## The records:
* * * * * * * * *
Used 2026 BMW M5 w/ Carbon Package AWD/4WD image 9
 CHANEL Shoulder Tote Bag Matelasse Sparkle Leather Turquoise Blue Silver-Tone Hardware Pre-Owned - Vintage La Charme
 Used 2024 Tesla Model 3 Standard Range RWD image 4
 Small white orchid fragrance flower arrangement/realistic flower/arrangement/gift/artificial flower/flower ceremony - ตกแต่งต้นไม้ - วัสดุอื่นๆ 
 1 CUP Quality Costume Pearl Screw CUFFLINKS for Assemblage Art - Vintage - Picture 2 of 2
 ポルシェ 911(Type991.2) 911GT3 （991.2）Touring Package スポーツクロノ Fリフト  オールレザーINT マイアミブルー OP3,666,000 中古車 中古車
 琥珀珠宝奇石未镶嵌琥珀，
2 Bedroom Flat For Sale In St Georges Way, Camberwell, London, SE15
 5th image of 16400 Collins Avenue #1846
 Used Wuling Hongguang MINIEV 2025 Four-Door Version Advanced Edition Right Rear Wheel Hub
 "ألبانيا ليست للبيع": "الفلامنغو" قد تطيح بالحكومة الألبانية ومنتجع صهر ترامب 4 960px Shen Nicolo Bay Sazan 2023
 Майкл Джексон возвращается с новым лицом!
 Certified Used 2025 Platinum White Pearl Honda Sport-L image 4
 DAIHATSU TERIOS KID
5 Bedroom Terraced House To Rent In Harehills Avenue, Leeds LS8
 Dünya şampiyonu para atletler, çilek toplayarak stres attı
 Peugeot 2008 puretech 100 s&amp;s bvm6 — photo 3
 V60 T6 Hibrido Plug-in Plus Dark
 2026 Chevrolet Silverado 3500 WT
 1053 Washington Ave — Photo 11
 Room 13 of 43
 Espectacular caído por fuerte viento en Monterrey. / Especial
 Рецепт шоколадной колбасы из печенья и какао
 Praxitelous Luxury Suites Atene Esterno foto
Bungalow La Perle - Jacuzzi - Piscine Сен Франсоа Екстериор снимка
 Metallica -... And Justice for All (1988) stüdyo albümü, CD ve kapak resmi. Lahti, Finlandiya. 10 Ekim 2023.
* * * * * * * * *
## What is being asked:
Starting with the line above that holds "琥珀珠宝奇石未镶嵌琥珀，" and stopping with the line that holds "Used Wuling Hongguang", reproduce each line exactly, omitting all other lines.

## Response box:
 琥珀珠宝奇石未镶嵌琥珀，
2 Bedroom Flat For Sale In St Georges Way, Camberwell, London, SE15
 5th image of 16400 Collins Avenue #1846
 Used Wuling Hongguang MINIEV 2025 Four-Door Version Advanced Edition Right Rear Wheel Hub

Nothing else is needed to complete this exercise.